• What is expected: Print nothing except the lines of the listing below from the line with "Jimmy Page performing live" to the line with "Кругла сумка-кросбоді на", each exactly as written, both ends included.

• Data to examine:
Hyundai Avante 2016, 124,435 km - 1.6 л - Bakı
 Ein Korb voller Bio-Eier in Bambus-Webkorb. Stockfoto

--

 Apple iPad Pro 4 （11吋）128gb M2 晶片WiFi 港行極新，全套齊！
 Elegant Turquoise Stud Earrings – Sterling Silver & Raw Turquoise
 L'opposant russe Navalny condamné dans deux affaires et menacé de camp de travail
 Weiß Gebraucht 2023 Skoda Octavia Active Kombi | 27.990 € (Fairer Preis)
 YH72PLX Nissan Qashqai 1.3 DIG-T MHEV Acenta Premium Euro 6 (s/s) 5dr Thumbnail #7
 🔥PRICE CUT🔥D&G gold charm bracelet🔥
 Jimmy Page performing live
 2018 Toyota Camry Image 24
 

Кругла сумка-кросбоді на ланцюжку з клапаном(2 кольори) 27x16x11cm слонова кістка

* * *

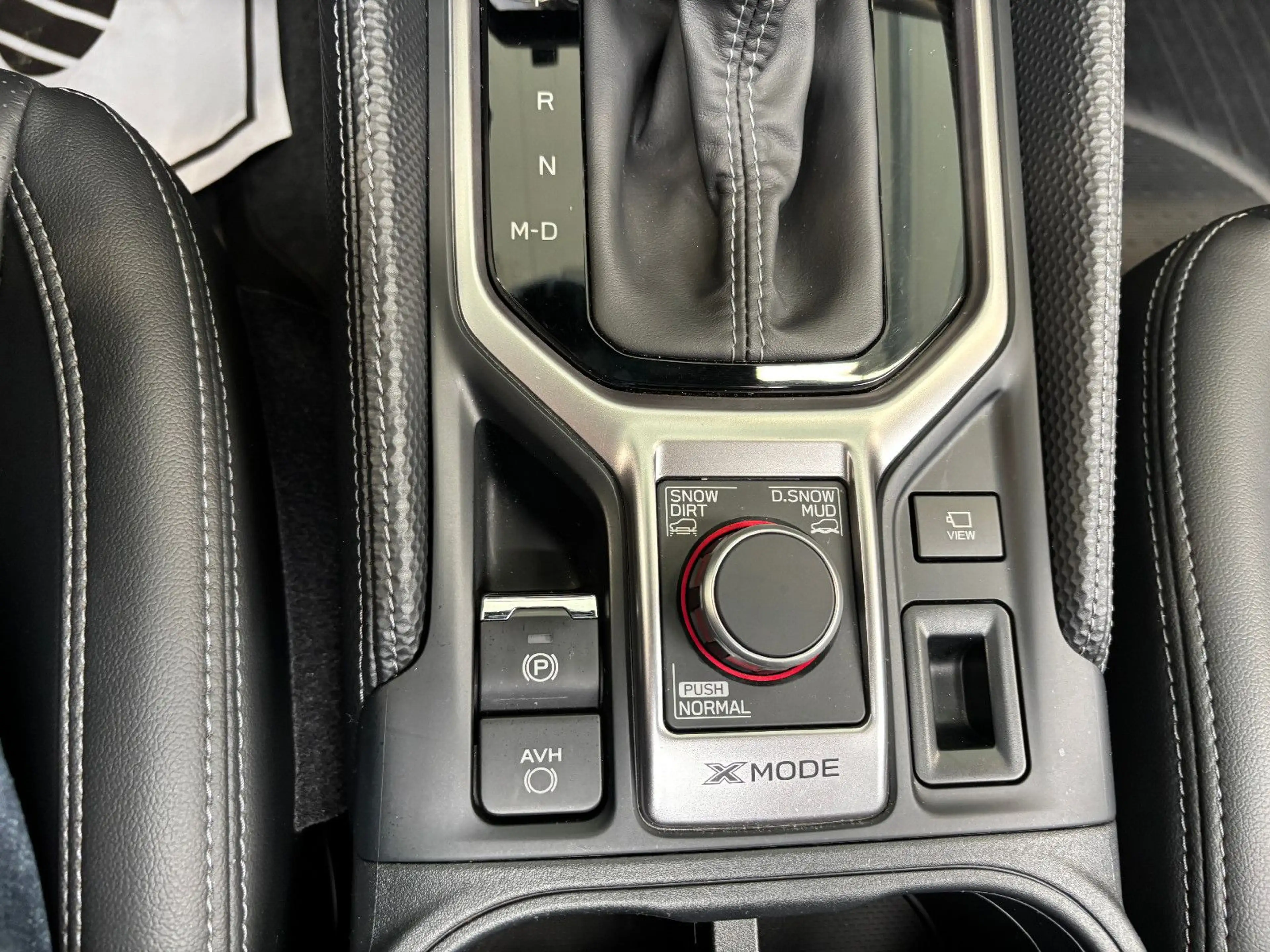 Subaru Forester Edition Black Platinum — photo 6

• Response area:
 Jimmy Page performing live
 2018 Toyota Camry Image 24
 

Кругла сумка-кросбоді на ланцюжку з клапаном(2 кольори) 27x16x11cm слонова кістка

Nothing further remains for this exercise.